Are You Photoshopped?

22 Feb

Photoshopped_byGail_croppedMy friend Gail Andrews once photoshopped a picture of my my husband and me – switching our heads! We laughed and laughed at the silly photo.

Innumerable photoshopped images draw laughter on the internet. The funniest ones are of animals or inanimate objects. An elephant with zebra stripes. Goldfish jumping out of a snoring man’s mouth. A squirrel brandishing a machine gun. A dandelion:  a flower with a lion’s head in the center. A bowl of potatoes with eyes … real eyes!

And then there are the gorgeous models who are photoshopped to unrealistic extremes (and most of the time I like them better in the before pictures). I laughed out loud to see a model with an obviously-photoshopped bustline, but whoever did the photoshopping forgot to photoshop her image in the mirror! I thought, “Who do they think they’re fooling?”

It may be a stretch of an application, but sometimes I think I try to “photoshop” my character – to look better than I am at any given moment. Call it wanting acceptance, or the need for approval … or pride. It’s a hypocritical picture I give to the world, at that point.

God sees the heart; He searches and knows the truth about us (1 Samuel 16:7; Jeremiah 17:10). So any spiritual “photoshopping” is foolish. As I examine my heart, I wonder how often I have “photoshopped” my spiritual reality.

Why can’t I just be honest and say I’m still “in progress” … broken but partnering with God in my sanctification?

It’s OK to admit I have needs, because I know God will keep working on me until the day I die or Jesus returns for me (Philippians 1:6).

In the meantime, I can best minister when I am authentic, surrendered and obedient.

Ray Stedman wrote about this kind of authenticity in “Living an Authentic Christian Life,” a booklet by RBC Ministries excerpted from the book Authentic Christianity, Discovery House Publishers).

“Authentic Christianity never needs advertisement or publicity,” Stedman said. “It gives off a fragrance and a fascination that attracts people like flies to honey.”

Not everyone will be attracted, obviously. Some people, when face-to-face with authentic Christians, either lash out in hatred or recoil in fear. We shouldn’t be surprised. That’s how some people responded to Jesus.
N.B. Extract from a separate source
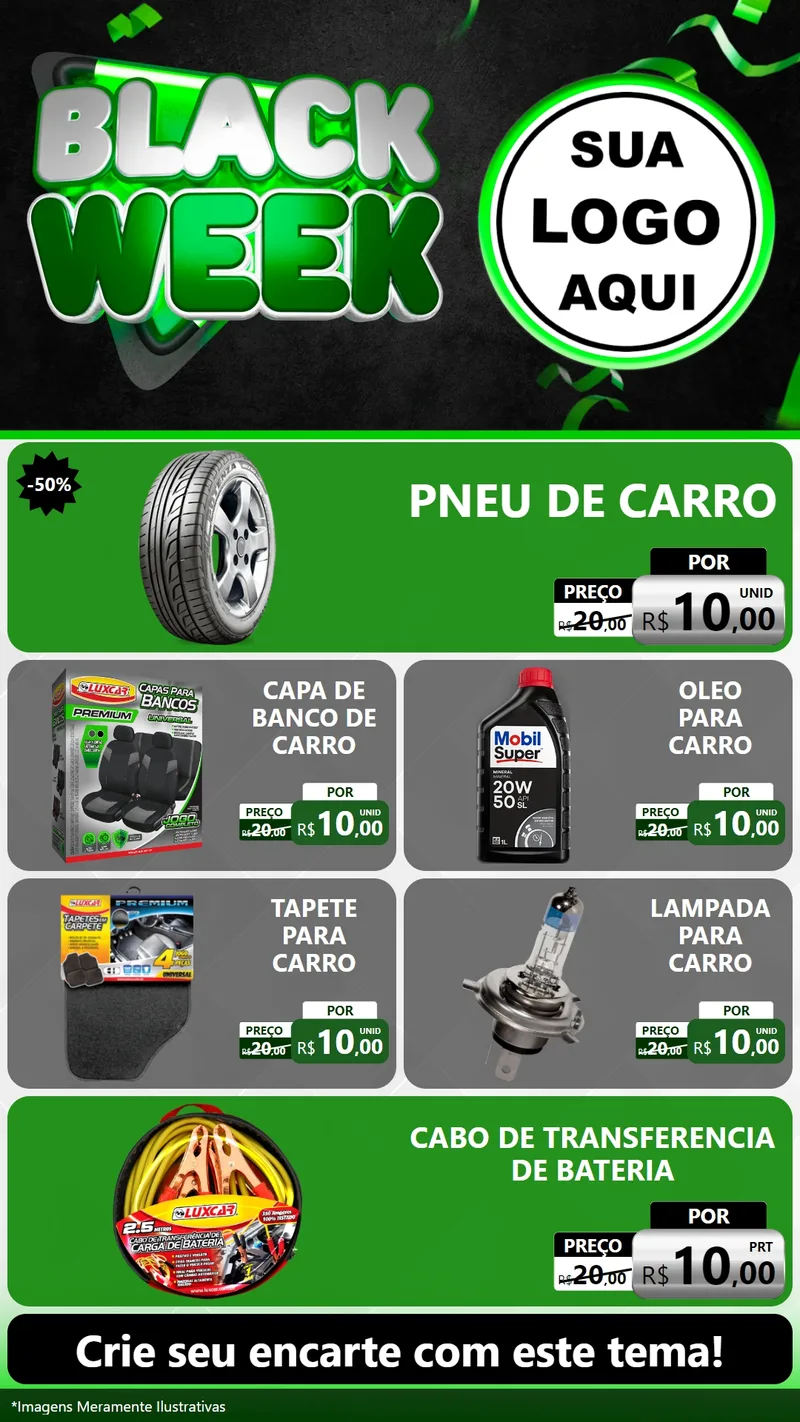 Modelo de TV para TV Vertical com o tema Black Week para Auto peças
Stedman says there are five unmistakable marks of authentic Christianity, as described by the Apostle Paul in 2 Corinthians 2:14-16):

  • Unquenchable Optimism
  • Unvarying Success (the triumphing of God’s plan in and through us)
  • Unforgettable Impact
  • Unimpeachable Integrity
  • Undeniable Reality (a lifestyle that validates the life of Christ within us)
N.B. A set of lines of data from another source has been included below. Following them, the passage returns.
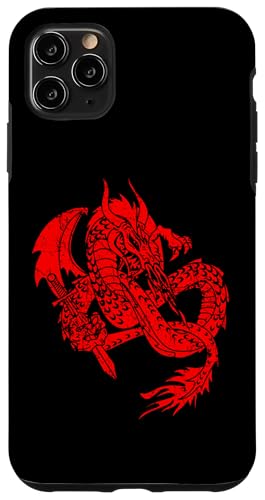 Hülle für iPhone 11 Pro Max Mystical Fire Breathing Dragon with Sword Distressed von Jeff Hobrath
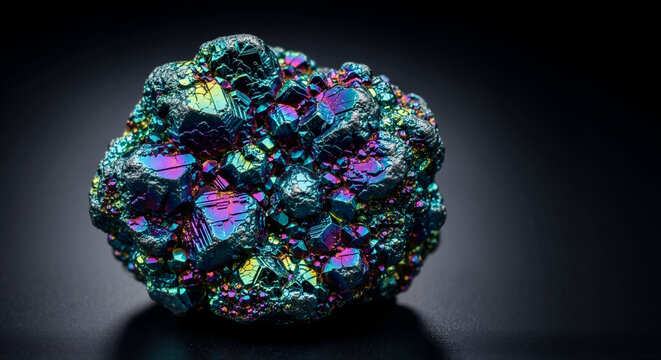 Stunning chalcocite ore specimen in vibrant colors showcasing iridescence on a sleek dark background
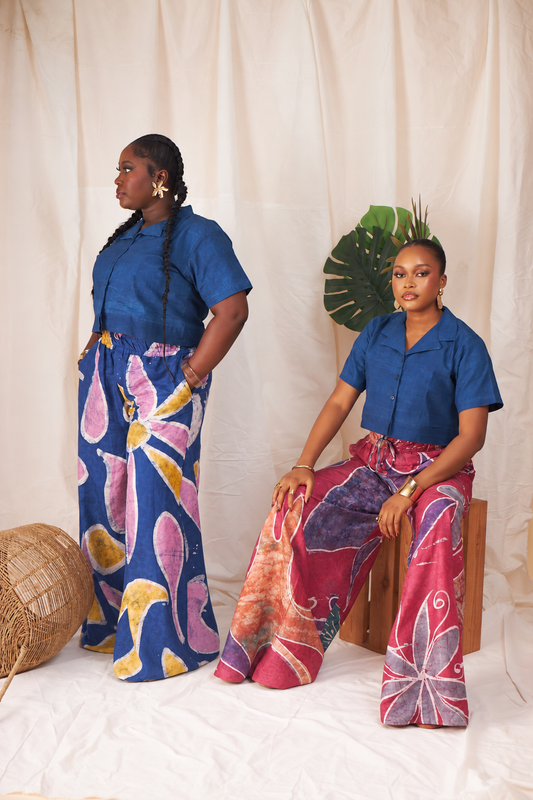Nandi Adire Wide-Leg Pants Set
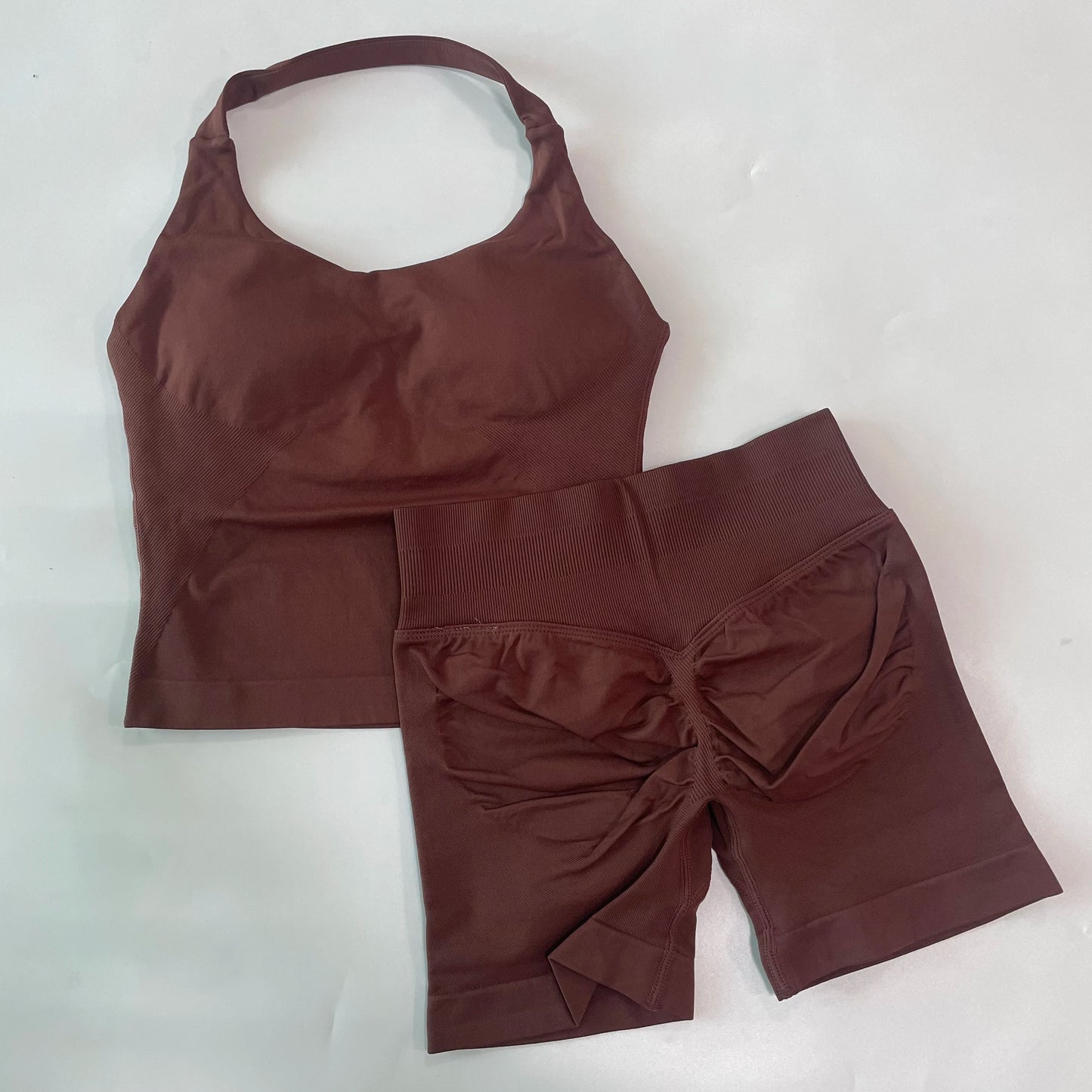 No Logo 2 Pieces Gym Set Women Backless Halter Tops High Waist Seamless Shorts Gym Suit Fitness Clothes Sportswear Workout Sets
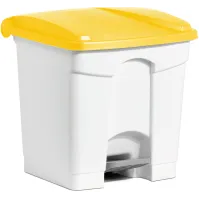 Poubelle plastique pédale 30L jaune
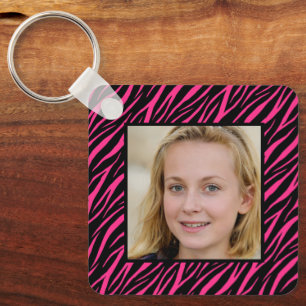 Meisjesnaam en foto roze Zebra op maat Sleutelhanger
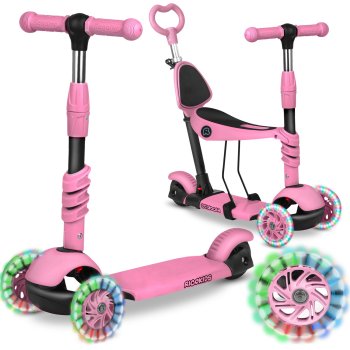 Трехколесный самокат Ricokids Todi - розовый для детей, безопасный и...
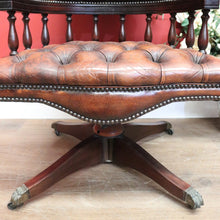 Load image into Gallery viewer, x SOLD Vintage Leather and Mahogany Office Chair, Button Back, Seat and Armrest Chair. B11293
Stedman adds:  “After listing those marks of an authentic Christian, Paul asks the reader, ‘And who is equal to such a task?‘ (v. 16).” None of us is a consistent role model of the authentic believer.
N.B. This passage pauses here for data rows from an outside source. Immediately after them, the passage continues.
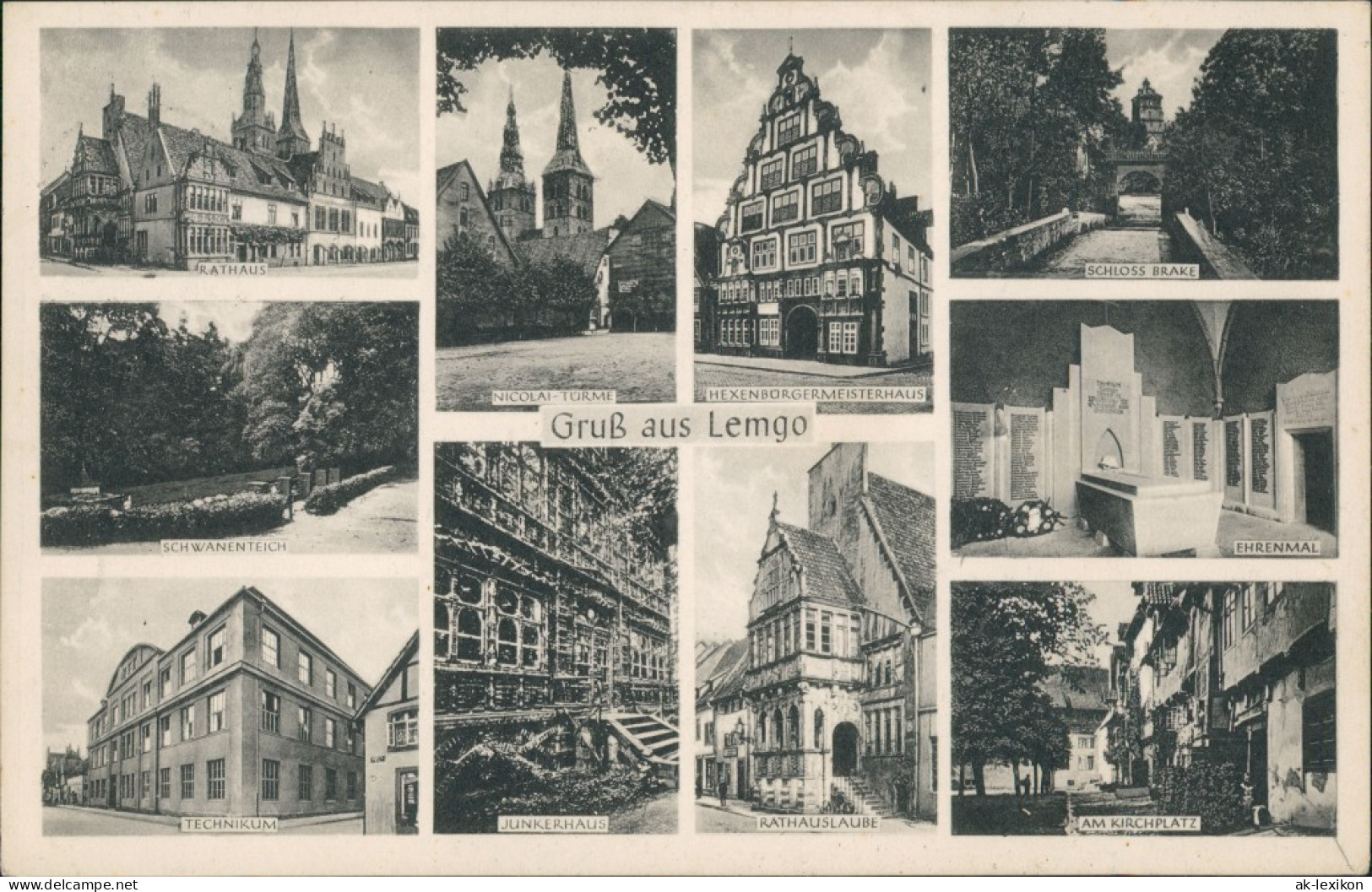 Lemgo Rathaus Nicolai Türme Junkerhaus   Kirchplatz Hexenbürgermeisterhaus 1933 - Lemgo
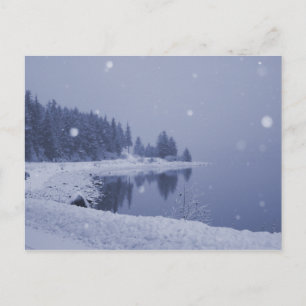 Vykort med snöfall vid havet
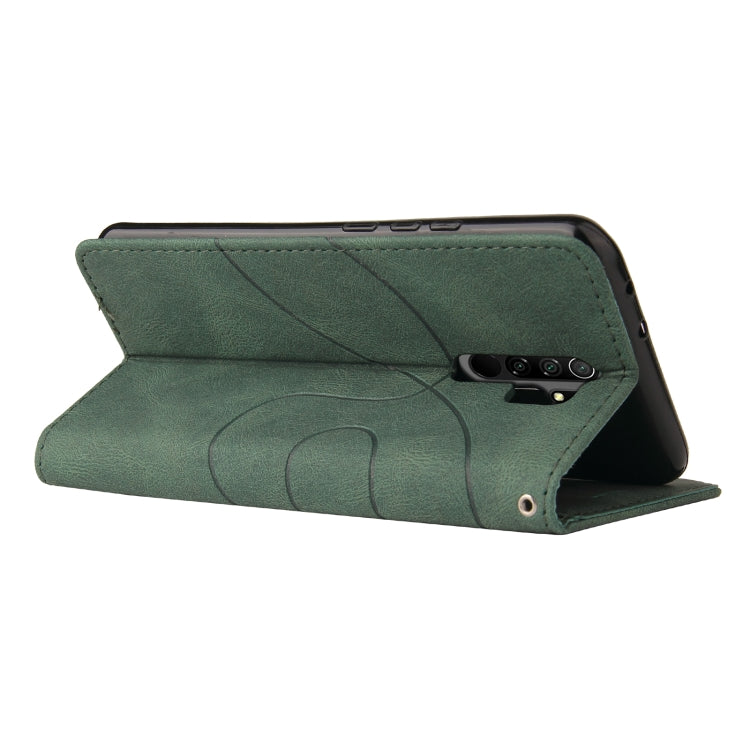 For Xiaomi Redmi 9 Dual-color Splicing Horizontal Flip PU Leather Case with Holder & Card Slots & Wallet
Our confidence—the source of our authenticity and our sufficiency—is in Christ (2 Corinthians 3:4-6).

My thought is, how will people in our world see Jesus if we keep photoshopping our faith life instead of allowing the world to see how Jesus changes us, meets our needs, and commissions us for Kingdom duty?

Do you struggle with living an authentic Christian life? Which of the five characteristics of authenticity is weak or missing in your life?

Forget the photoshopping, Friends. Come to Jesus with your needy life and keep it real.